**What to work on**
Which lines come from the start of the records through the line that holds "刚刚，南师附中、金中新街口等中招一批次部分高中投档线揭晓"? Write them out word for word.

[Start of section]

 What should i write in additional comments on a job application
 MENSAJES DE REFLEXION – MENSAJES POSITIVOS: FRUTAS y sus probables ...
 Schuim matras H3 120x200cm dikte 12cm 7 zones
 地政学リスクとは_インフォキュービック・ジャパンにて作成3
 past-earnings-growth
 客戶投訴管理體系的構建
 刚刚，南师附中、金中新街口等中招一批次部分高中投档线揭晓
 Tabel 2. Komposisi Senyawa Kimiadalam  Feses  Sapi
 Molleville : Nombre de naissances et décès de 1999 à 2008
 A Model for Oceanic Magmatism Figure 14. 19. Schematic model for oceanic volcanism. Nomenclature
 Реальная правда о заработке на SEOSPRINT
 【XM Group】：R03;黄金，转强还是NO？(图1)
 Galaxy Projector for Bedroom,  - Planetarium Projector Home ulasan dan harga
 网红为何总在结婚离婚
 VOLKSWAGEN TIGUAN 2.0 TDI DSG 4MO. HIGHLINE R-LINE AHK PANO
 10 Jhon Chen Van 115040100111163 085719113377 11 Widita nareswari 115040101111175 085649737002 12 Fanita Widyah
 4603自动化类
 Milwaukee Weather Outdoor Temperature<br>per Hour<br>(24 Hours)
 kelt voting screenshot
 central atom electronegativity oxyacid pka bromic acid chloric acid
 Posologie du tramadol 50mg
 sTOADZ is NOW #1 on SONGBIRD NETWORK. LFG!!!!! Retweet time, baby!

[End of section]

**Reply to the exercise**
 What should i write in additional comments on a job application
 MENSAJES DE REFLEXION – MENSAJES POSITIVOS: FRUTAS y sus probables ...
 Schuim matras H3 120x200cm dikte 12cm 7 zones
 地政学リスクとは_インフォキュービック・ジャパンにて作成3
 past-earnings-growth
 客戶投訴管理體系的構建
 刚刚，南师附中、金中新街口等中招一批次部分高中投档线揭晓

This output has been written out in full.